Depuis l’apparition de la pandémie, les prescriptions de plus en plus détaillées, de plus en plus pointilleuses des évêques se suivent à un rythme soutenu : résultat, on dégoûte même ceux qui ont suivi jusqu’ici à la lettre toutes les recommandations au point d’être victimes du syndrome de confinement.

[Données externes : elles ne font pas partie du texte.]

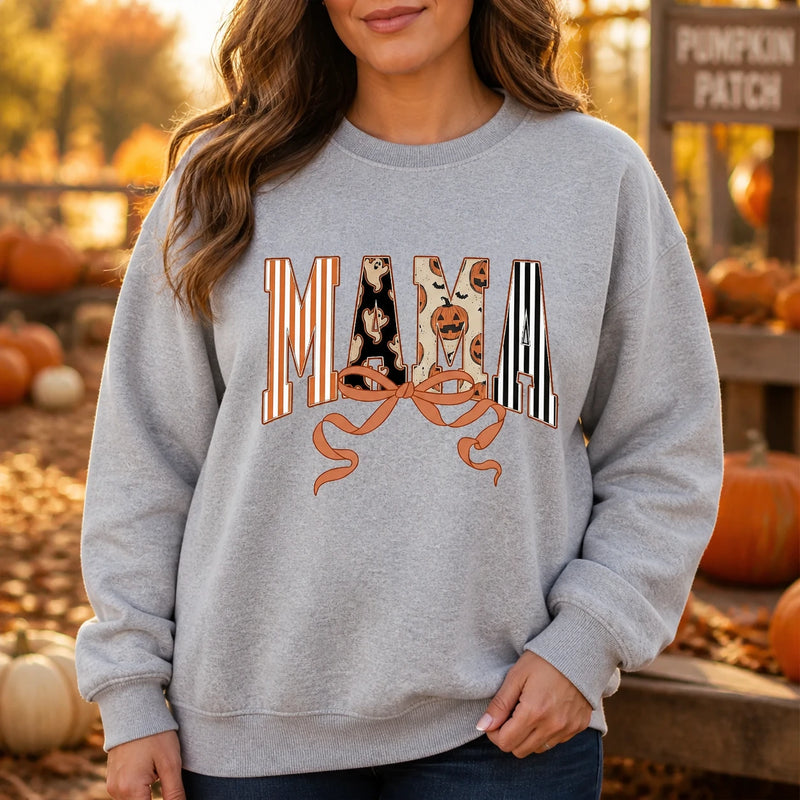 Halloween Mama Shirt with MAMA Bow Coquette Pumpkin Ghost Bat Fall Mom Design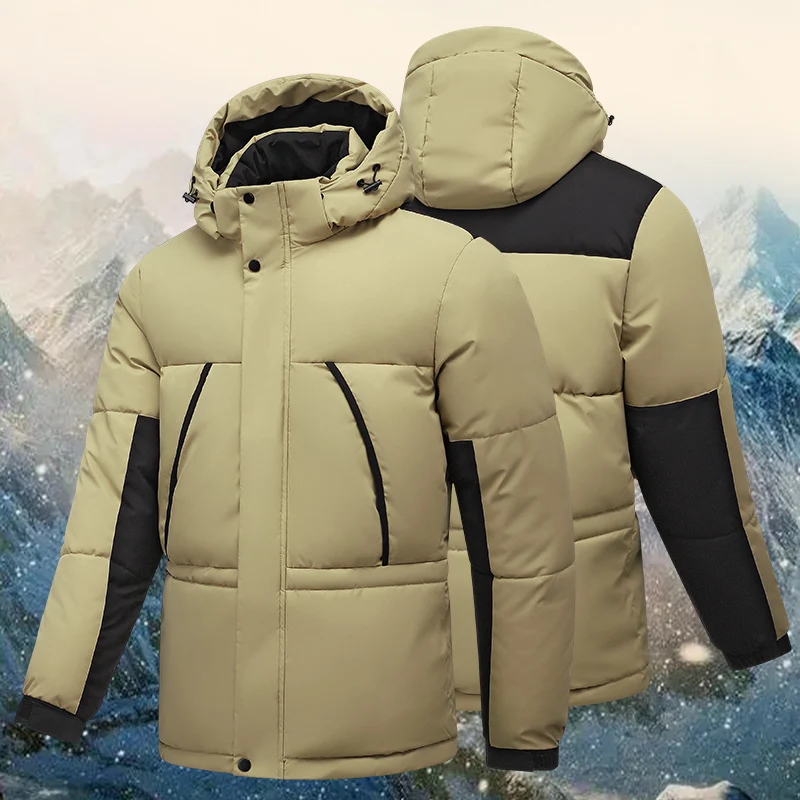 

Winter Medium Long Styles Fleece Keep Warm Man Parkas New Thickening Man Parkas Outdoors Solid Windproof Removable Hat Jackets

Là où des fidèles expriment leur nostalgie et leur besoin de retrouver la messe et la communion eucharistique, des théologiens et des évêques y vont de leurs commentaires plus ou moins ironiques, les accusant de faire une fixation sur l’Eucharistie. Et pourtant un chrétien peut-il se taire ? Peut-il passer sous silence que c’est le Seigneur lui-même qui nous a dit de faire en sa mémoire ce que lui-même a fait lors de la dernière cène ? Il est urgent de souligner une évidence que beaucoup sont en train d’oublier : par internet, il est impossible de recevoir le pain eucharistique et d’y goûter véritablement. Quant à nous, les prêtres, nous ne sommes pas des stars de vidéo : la multiplication des messes retransmises par les médias n’a pas grande valeur au ciel.

Abbé Christian Nilles (Source : Kathnet ; trad. MH/APL) »

Ref. La multiplication des messes retransmises par les médias n’a pas grande valeur au ciel.

L’inévitable journal « La Croix » (14.4. 2020) a  tressé des lauriers à cette virtualisation de la messe en termes délirants : « les fidèles sont fortement encouragés à suivre la messe à la radio, à la télé ou sur Internet. (…) Mais ne pourrait-on pas aller un peu plus loin ? Est-il totalement hérétique de penser qu’une messe faite en visioconférence – c’est-à-dire avec une réponse concrète de chacun via l’application choisie – puisse avoir en tout la même valeur, la même efficacité que la messe « en présentiel » ? Tout comme on a vu fleurir ces jours-ci des « apéro-Skype » où les deux invités prennent chacun chez soi mais l’un en présence de l’autre leur apéro, ne pourrait-on pas imaginer, pour ce temps contraint, des « messe-Skype » qui réuniraient ceux qui le désirent, à charge pour chacun de se procurer un peu de pain et un peu de vin qui seraient consacrés « numériquement » ? N’importe quoi…

Grâce à Dieu, en France, le Conseil d’Etat vient de siffler la fin de la récréation.